Both gorgeous and useful, "Antique Coffee Grinders", by Michael L. White, is a wonderful book for anyone wanting to build their collection of vintage household items – OR looking for the perfect coffee table book.

For the coffee table book bunch, it would be hard to imagine a more perfect piece. "Antique Coffee Grinders" weighs about 3 1/2 pounds and sports around 600 photographs (color), so while it isn't unwieldy, you'll know you've got something formidable in your hands when you pick it up – just holding it in your lap conveys the weight of coffee making history it recounts. Guests who enjoy their coffee (or who appreciate high quality, old fashioned house wares) are certain to enjoy paging through this book.

But charming as this book is, its true value is found in what it offers the collector of old fashioned (primarily antique) coffee grinders and mills. Chronicling more than 300 years worth of grinder history, the antique devotee will find an abundance of information to facilitate their quest for new pieces.

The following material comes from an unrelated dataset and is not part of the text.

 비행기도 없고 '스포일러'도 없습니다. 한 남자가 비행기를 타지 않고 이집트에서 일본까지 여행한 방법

Make no mistake: "Antique Coffee Grinders" doesn't spell out where to shop for the real treasures. That is up to you. Online auctions, flea markets, garage sales or actual antique stores are all possibilities, and hopefully the hunt is part of the fun you get from collecting vintage items. Enjoy it!

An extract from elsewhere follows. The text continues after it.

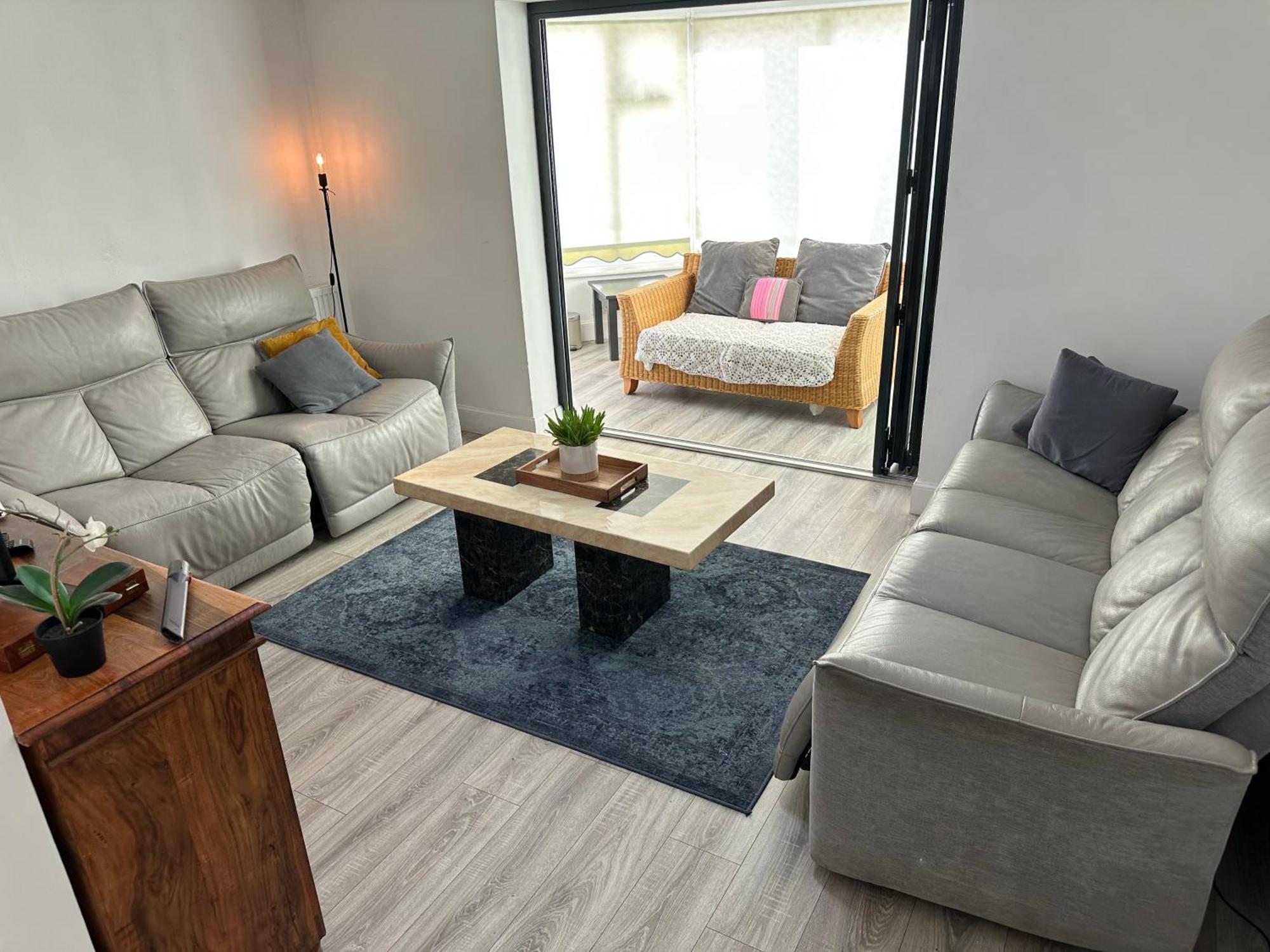 Dreghorn House - 10 Beds 2,5 Ba - Private Parking - Free Wifi EDI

But having found good sources for quality, old fashioned coffee grinders, one of any collector's biggest challenges is telling the difference between trash and treasure. That is where this book shines – providing enormously detailed information about the maker of any particular coffee mill and how much a well maintained coffee mill could be worth to the serious antique collector. Some collectors just like getting their mitts on anything old (and the older, the better), but if you gather these vintage pieces in order to build a portfolio with negotiable value, 'who made it', 'when they made it', ' where they made it ', and' how much someone might pay for it 'are all critical bits of information. You'll have a difficult time finding a better resource than "Antique Coffee Grinders" to make sure you have those bits!

All in all, I have to say without qualification: this is a fine book. If you love good old fashioned coffee grinders – the real antique stuff – adding this to your library is a 'no-lose' move.